## INFORMATION SHOWN
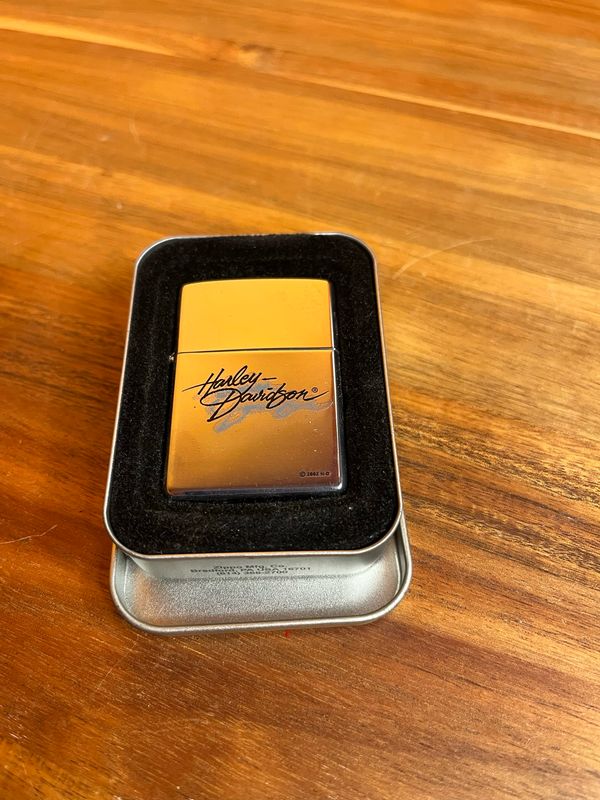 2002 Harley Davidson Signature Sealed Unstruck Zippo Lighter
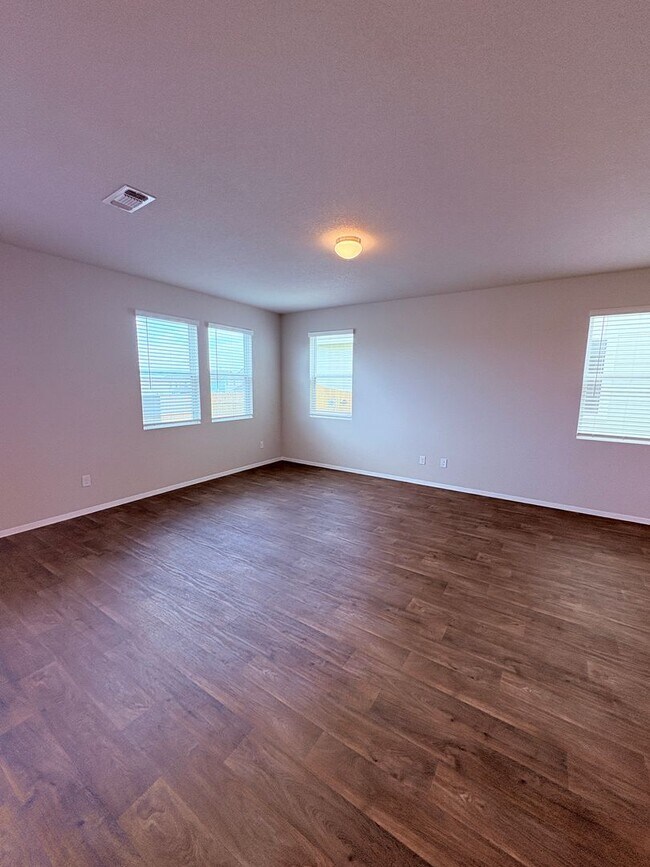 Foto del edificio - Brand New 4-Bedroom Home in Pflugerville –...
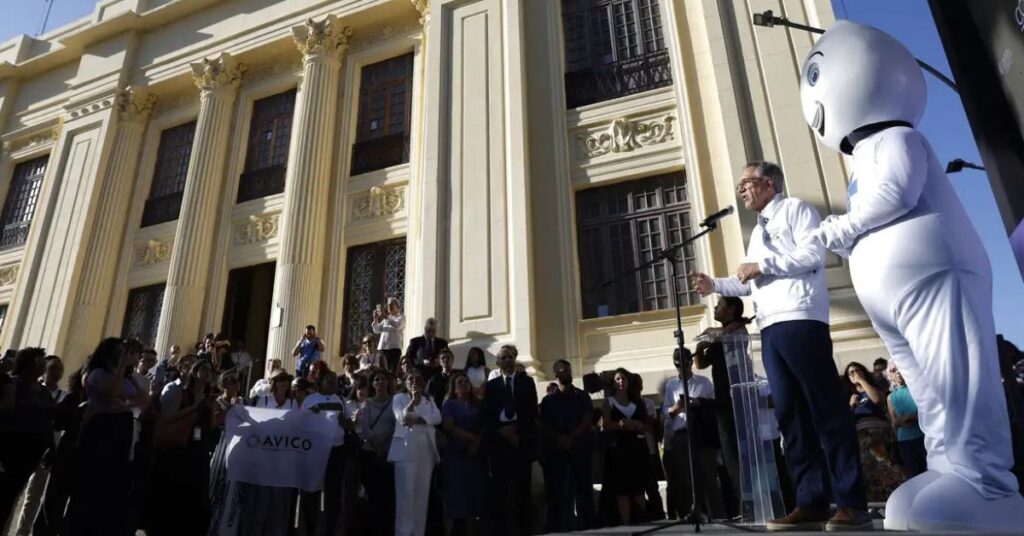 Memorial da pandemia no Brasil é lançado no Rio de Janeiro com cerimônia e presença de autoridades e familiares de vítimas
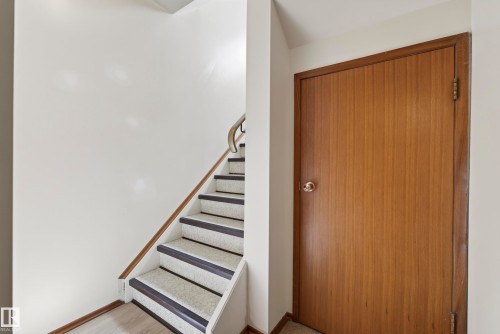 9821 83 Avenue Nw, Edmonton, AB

## WORK TASK
Please provide a faithful transcription of all the data, pictures excluded.

## RESULT OF THIS TASK
 2002 Harley Davidson Signature Sealed Unstruck Zippo Lighter
 Foto del edificio - Brand New 4-Bedroom Home in Pflugerville –...
 Memorial da pandemia no Brasil é lançado no Rio de Janeiro com cerimônia e presença de autoridades e familiares de vítimas
 9821 83 Avenue Nw, Edmonton, AB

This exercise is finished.